Wooo, boy. 2019 was a weird one. I lost a brother. The world at large vacillated between merely absurd and completely infuriating. It seemed some days like everybody was just venting their cruelest, greediest, most venal instincts at anyone in earshot. But hey… my band Gizzards played 9 shows and they were fun as hell. I visited 8 of these United States of America, one of which I’d never seen before. I got one new tattoo and played two kick-ass DJ sets. I saw some good movies, like The Lighthouse and Booksmart and Midsommar. I finished 24 books. I wish it were twice that many, but there’s that whole pesky day job thing.

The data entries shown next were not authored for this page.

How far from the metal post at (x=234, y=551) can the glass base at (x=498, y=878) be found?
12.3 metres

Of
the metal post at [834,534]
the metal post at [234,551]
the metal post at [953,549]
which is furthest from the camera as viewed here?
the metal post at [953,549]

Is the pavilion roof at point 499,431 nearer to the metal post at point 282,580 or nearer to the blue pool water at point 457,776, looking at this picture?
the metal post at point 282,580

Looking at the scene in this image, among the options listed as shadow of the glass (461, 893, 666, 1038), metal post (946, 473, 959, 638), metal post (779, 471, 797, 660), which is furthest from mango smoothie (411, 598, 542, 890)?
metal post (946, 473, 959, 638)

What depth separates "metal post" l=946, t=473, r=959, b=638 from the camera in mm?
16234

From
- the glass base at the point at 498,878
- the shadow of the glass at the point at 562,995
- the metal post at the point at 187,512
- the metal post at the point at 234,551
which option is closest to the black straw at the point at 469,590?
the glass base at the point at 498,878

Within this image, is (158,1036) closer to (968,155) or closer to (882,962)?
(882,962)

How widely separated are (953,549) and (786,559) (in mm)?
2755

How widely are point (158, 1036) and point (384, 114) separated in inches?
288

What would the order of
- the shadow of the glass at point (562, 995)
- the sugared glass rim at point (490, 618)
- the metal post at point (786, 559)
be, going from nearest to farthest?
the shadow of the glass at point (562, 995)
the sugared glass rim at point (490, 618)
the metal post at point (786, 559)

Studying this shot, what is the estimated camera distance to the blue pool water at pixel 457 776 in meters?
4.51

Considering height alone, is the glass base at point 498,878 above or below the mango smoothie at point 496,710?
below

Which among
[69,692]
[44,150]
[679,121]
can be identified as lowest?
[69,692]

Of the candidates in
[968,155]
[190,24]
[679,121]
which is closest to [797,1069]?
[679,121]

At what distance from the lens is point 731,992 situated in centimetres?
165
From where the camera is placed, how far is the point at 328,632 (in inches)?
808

L.O.T.I.O.N. Multinational Corporation, photographed by Matt Carroll
It was a decent year for live music. The Middle East continued to host the occasional knockout bill for old school standard-bearers like Negative Approach, Sheer Terror, Eyehategod, and Chameleons Vox. ONCE had a good year, too. Bands like Giuda, Dawn Ray’d, Clan of Xymox, and Jerome’s Dream put in stellar sets in the ballroom, but the real action was mostly in the lounge where groups like Heterofobia and Rubella Ballet performed with an immediacy the bigger room tends to lack. In fact, the most fun shows were almost always happening in less traditional venues. Scumraid and Physique played one of the best gigs of the year above a Chinese restaurant, and a social club for old Greek men hosted the majority of my favorite performances of 2019, including Condor, Sexpill, Bruised, Low Vision, and Golden Pelicans.
Pandemix, photographed by Matt Carroll
A lot of the new albums I was drawn to this year had a stripped down and understated folksiness to them. Maybe I was looking for sounds atavistic enough to connect me to something deeper than everyday life, or maybe it’s nostalgia for an age perceived to be simpler. Maybe I just needed something laid back to help keep my blood pressure in check. Who knows? At any rate, Jessica Pratt’s Quiet Signs was a career high, as was local hero Doug Tuttle’s Dream Road. Bill Orcutt went electric for Odds Against Tomorrow and yet it was more traditionally tuneful than any of his acoustic output. New Model Army released From Here, their best in over a decade, and Justin Sullivan and co’s particular strain of anthemic post-punk has always had a certain folksy campfire singalong vibe to my ears. Ruth Garbus’ Kleinmeister was a peculiar and beguiling listen. I could go on and on.
Doug Tuttle, photographed by Matt Carroll
On the more aggro side, you had monster releases like World Wide W.E.B. by L.O.T.I.O.N. Multinational Corporation, a postindustrial gabber punk brain-blazer. Low Life’s Downer EDN bristled with confrontational energy. Local legends like The Proletariat and up-and-comers like Pandemix and High Command did the region proud. Stunning Luxury by Snapped Ankles had a jerky, nervous energy and a few guaranteed dancefloor fillers. Hardcore wrecking crew Game managed to top their near-perfect debut with the incendiary followup No One Wins. The Wraith maintained the title of “best deathrock band in America” with their long-awaited full length Gloom Ballet. Again, this list could extend for pages and pages.
There was plenty that doesn’t fit into the above categories too, and plenty more that does, but you know what? How about you just hit shuffle and give a listen to the playlist I’ve embedded here for your perusal. 600 bangers from 2019. Music from six continents and infinite genres. You’ll probably find something you like in there, unless you’re some sort of joyless asshole. Happy 2020. I wish you all good fortune in the wars to come.